Schedulers

Xqute supports multiple scheduler backends for different computing environments. Each scheduler provides a unified interface while handling backend-specific details.

Available Schedulers

Local Scheduler - Run jobs on the local machine
SGE Scheduler - Sun Grid Engine clusters
Slurm Scheduler - Slurm workload manager
SSH Scheduler - Distribute jobs across SSH servers
Google Batch Scheduler - Google Cloud Batch
Container Scheduler - Docker containers

Local Scheduler

Overview

Runs jobs directly on the local machine. Best for: - Development and testing - Small-scale processing - Single-machine workloads

Basic Usage

from xqute import Xqute

xqute = Xqute(
    scheduler='local',
    forks=4,  # Max 4 concurrent jobs
)

await xqute.feed(['echo', 'Hello'])
await xqute.run_until_complete()

Configuration Options

xqute = Xqute(
    scheduler='local',
    forks=4,              # Max concurrent jobs
    workdir='./.xqute',   # Job metadata directory
)

Use Cases

Running small batches of jobs
Testing job pipelines
Processing data on a single machine
Development and debugging

Limitations

Limited to local machine resources
No cluster management
No job priority queues

SGE Scheduler

Overview

Integrates with Sun Grid Engine (SGE) for HPC cluster job management.

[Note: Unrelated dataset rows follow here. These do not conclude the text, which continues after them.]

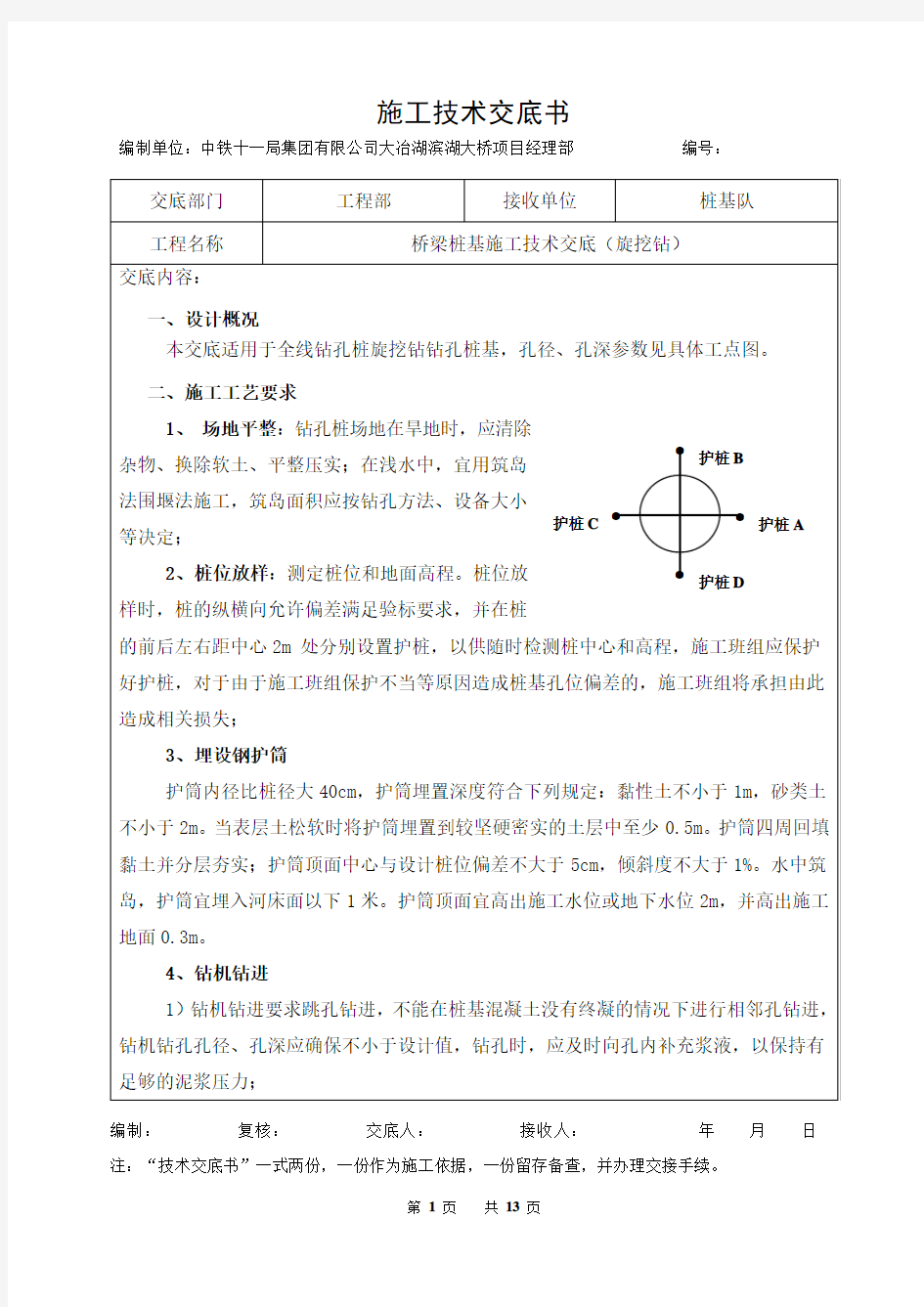 桥梁桩基施工技术交底(旋挖钻)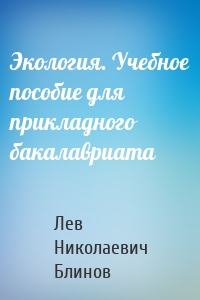 Экология. Учебное пособие для прикладного бакалавриата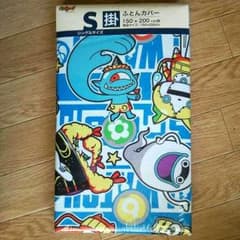 むつむつ様専用★妖怪ウォッチ 掛け 布団 カバー 青のサムネイル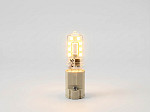 LÂMPADA LED G9 DROPS 2W AUTOVOLT 2200K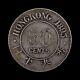 1893 Hong Kong 50 Cents Rare World Silver Coin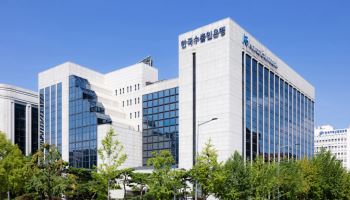 수출입은행, 콜롬비아 강진 피해 복구에 1억원 지원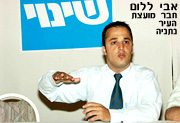 התנועה ליהדות מתקדמת תפנה לבג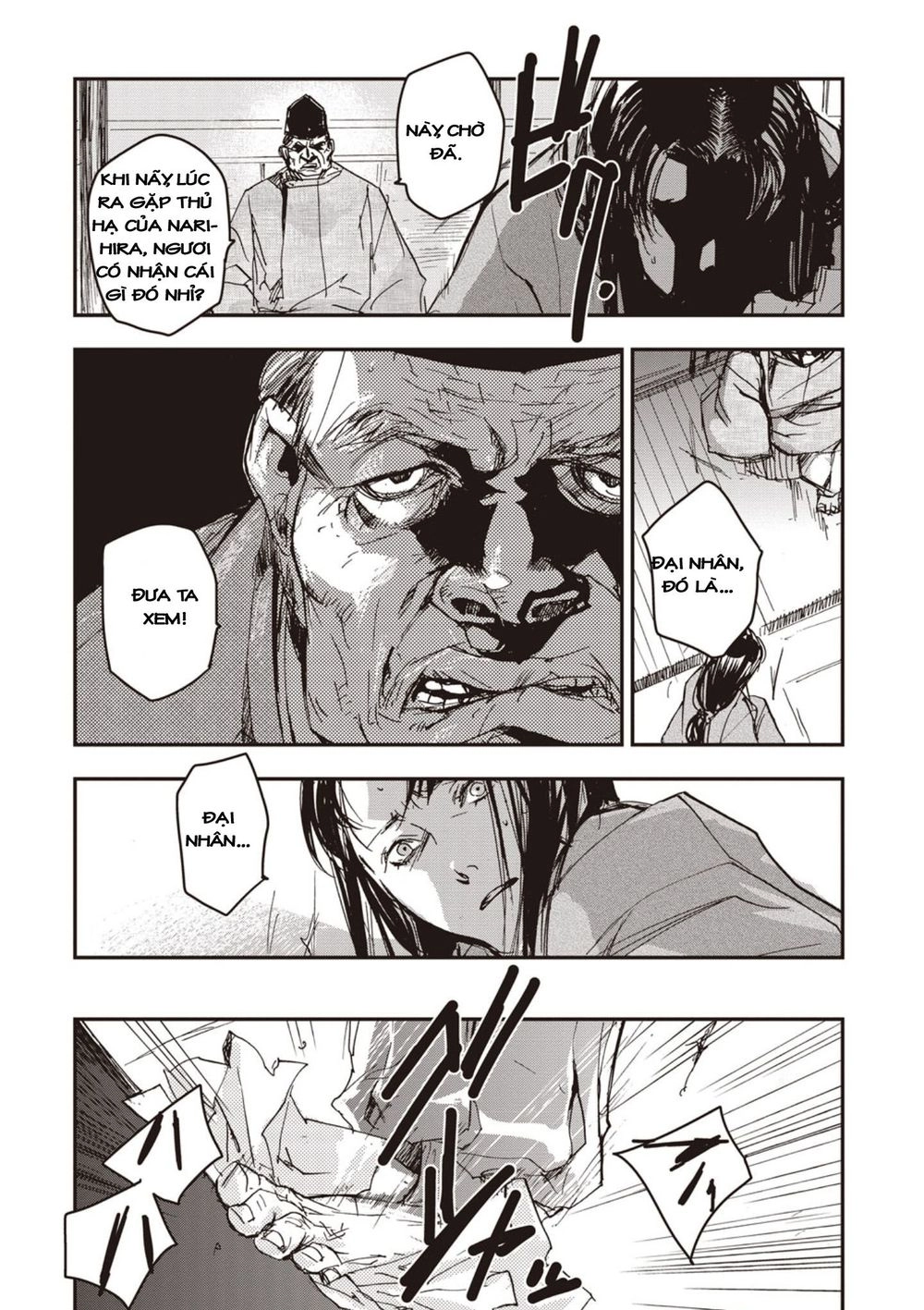 Ứng Thiên Môn Chapter 3 - 15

Best for: - University and research clusters - Traditional HPC environments - Job queue management with resource allocation

Basic Usage

from xqute import Xqute

xqute = Xqute(
    scheduler='sge',
    forks=100,
    scheduler_opts={
        'q': '1-day',  # Queue name
    }
)

for i in range(100):
    await xqute.feed(['echo', f'Job {i}'])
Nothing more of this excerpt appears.